Vive la crise
Comme à chaque début d’année, le journal « Le Monde »publie un bilan économique du monde. A l’instar des éditions précédentes, celle de 2009 est remarquable par sa concision, sa clarté et son exhaustivité : le tour du monde en 190 pages. En guise d’introduction, les faits saillants sont contextualisés, analysés, soupesés, mis en perspective. Des analyses portant l’estampille du grand quotidien parisien du soir: bien documentées sans être ennuyeuses ; profondes, d’une haute tenue tout en étant à la portée du commun des lecteurs. Bref, des articles répondant parfaitement à la définition de Boileau: «ce qui se conçoit bien, s’énonce clairement». Ces articles sont suivis d’un Atlas de 174 pays, véritable radioscopie du monde. La formule lancée il y a une vingtaine d’années s’est affinée, gagnant en lisibilité.
"Annus horribilis", l’année écoulée n’a pas été avare en mauvaises nouvelles avec comme « point d’orgue » la crise financière et économique. C’est tout le système qui a vu le jour à Bretton Woods qui s’écroule sous nos yeux et avec lui toutes nos certitudes sur la toute-puissance de « la loi du marché », élevée il n’y a pas longtemps au rang d’un véritable dogme. Quand on parcourt cet atlas, on se rend véritablement compte que la mondialisation n’est pas un vain mot mais elle correspond à une réalité tangible. C’est l’économie autant que les media qui ont contribué à faire du monde, un village global. Née aux Etats Unis, la crise s’est répandue, à la vitesse de l’éclair, au monde entier.
Comme la grippe espagnole du début du siècle dernier, la plupart des pays sont touchés.
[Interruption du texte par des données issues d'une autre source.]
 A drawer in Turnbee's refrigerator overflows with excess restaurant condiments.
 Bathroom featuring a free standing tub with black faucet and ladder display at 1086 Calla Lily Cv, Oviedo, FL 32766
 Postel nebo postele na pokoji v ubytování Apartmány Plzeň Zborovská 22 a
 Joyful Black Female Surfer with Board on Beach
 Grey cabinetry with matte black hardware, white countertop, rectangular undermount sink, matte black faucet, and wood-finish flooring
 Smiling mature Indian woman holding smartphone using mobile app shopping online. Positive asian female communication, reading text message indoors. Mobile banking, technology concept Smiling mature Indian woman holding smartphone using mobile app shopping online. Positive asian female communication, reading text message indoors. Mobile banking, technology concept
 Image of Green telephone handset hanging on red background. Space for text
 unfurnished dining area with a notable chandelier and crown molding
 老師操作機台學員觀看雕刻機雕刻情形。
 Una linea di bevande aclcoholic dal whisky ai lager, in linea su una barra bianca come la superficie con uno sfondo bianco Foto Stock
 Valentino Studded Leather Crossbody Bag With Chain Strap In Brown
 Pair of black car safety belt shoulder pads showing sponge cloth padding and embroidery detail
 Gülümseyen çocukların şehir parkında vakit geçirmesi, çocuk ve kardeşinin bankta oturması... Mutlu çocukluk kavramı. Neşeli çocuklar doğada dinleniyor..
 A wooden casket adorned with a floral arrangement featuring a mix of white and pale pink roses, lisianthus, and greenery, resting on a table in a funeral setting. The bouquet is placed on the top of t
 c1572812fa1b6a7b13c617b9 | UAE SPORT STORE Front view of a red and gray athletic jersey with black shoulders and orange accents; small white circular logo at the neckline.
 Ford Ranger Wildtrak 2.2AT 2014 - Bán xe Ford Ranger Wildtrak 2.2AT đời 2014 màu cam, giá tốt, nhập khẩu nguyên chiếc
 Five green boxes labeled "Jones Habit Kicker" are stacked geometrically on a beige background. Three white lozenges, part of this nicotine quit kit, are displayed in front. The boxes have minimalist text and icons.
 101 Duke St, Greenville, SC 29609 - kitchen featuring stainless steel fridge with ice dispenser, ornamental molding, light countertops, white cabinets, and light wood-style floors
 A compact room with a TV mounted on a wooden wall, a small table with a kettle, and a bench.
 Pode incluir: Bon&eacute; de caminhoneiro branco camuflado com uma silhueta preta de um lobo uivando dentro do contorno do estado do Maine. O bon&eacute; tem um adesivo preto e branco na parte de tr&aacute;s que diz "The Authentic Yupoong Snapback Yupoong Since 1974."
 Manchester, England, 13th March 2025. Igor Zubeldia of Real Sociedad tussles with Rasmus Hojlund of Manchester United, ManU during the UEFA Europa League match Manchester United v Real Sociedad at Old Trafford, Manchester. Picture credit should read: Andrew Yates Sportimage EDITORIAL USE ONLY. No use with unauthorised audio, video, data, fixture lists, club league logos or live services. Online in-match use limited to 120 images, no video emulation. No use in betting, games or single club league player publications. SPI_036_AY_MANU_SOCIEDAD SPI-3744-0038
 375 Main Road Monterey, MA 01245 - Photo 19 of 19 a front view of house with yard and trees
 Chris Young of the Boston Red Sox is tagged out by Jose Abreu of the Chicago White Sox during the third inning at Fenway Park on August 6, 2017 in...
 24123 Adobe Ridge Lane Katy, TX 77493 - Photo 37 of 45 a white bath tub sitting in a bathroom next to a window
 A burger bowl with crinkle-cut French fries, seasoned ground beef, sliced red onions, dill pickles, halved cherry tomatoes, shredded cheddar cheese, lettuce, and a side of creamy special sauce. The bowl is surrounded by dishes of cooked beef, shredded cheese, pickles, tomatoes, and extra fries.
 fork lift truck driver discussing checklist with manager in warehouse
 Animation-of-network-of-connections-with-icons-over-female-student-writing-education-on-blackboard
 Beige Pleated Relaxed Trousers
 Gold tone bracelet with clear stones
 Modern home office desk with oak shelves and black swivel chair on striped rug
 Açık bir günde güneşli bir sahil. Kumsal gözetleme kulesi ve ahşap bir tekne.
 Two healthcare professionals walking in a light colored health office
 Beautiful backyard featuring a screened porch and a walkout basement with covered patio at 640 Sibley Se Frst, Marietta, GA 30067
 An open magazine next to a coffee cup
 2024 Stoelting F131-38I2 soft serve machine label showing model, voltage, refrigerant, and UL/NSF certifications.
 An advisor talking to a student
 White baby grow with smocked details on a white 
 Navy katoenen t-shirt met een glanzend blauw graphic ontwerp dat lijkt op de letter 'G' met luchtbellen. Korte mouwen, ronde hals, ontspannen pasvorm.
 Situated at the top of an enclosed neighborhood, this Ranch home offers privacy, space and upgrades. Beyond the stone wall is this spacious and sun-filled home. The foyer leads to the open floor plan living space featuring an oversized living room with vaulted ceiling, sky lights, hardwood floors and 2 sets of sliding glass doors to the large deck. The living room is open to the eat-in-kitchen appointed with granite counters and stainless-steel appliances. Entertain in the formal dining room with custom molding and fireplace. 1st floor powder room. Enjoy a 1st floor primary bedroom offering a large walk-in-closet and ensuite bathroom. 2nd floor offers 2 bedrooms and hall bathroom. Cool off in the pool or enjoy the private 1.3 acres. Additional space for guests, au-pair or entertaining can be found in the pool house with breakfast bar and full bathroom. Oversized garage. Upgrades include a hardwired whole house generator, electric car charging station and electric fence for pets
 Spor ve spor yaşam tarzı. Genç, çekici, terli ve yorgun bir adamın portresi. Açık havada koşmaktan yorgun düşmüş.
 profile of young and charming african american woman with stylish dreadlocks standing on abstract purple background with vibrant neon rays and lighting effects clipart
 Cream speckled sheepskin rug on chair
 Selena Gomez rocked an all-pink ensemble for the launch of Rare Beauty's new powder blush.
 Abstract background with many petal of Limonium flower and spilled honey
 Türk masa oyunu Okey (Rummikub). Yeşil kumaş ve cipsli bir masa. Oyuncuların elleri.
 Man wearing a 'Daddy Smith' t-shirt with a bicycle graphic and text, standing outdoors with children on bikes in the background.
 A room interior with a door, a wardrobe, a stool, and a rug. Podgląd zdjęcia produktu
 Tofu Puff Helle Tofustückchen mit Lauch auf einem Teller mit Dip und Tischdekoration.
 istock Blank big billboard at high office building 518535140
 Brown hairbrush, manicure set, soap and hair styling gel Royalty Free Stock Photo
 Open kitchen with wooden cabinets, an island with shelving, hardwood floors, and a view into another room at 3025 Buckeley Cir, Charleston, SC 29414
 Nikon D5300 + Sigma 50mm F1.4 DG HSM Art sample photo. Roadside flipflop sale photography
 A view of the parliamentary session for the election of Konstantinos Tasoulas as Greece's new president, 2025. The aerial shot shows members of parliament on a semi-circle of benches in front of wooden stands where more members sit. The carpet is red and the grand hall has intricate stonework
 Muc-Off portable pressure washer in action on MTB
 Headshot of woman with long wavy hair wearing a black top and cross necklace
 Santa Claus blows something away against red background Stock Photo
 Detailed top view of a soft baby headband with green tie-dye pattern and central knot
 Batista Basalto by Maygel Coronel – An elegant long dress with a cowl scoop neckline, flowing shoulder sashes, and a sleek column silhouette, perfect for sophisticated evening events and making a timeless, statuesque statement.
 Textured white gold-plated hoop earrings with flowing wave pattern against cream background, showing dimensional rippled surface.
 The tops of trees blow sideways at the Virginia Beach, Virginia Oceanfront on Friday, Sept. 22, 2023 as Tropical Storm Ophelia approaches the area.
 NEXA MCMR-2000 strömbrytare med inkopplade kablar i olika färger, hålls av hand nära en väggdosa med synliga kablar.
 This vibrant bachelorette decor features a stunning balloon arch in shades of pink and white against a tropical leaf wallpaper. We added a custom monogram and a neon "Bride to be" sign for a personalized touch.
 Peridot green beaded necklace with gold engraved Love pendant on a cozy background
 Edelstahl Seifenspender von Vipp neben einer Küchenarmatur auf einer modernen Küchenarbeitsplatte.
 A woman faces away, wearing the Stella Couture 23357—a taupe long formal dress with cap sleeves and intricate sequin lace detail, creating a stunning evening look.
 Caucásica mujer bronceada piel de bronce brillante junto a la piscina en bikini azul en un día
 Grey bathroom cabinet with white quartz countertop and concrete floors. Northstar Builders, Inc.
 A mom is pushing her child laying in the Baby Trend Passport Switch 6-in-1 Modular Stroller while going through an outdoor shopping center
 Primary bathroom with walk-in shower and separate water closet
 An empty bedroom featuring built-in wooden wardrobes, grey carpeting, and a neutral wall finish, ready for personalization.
Les grandes entreprises multinationales, ces mastodontes dont on a dit que c’étaient eux qui disposaient d’un Etat et non le contraire, ne sont pas épargnés. Quand on entend le patron de GM, le symbole même du capitalisme américain ( les prédécesseurs d’Obama ne s’ y étaient pas trompés qui affirmaient que « ce qui est bon pour General Motors est bon pour les Etats Unis ) implorer l’Administration de lui fournir de toute urgence des fonds pour sauver son entreprise de la faillite on se rend compte vraiment de la puissance du Tsunami qui vient de frapper l’économie mondiale. Même Greenspan, l’ancien patron de la Banque Fédérale américaine avoue "n’avoir jamais vu ça". Un scénario catastrophe que même les spécialistes du genre à Hollywood n’avaient jamais osé imaginer. Une fois de plus, la réalité dépassait la fiction. En feuilletant cet atlas, on est frappé par la similitude des réactions des responsables politiques dès que les prémices de la crise sont apparues. Partout, la même volonté de nier la réalité, de minimiser les dégâts, de pratiquer la méthode Coué.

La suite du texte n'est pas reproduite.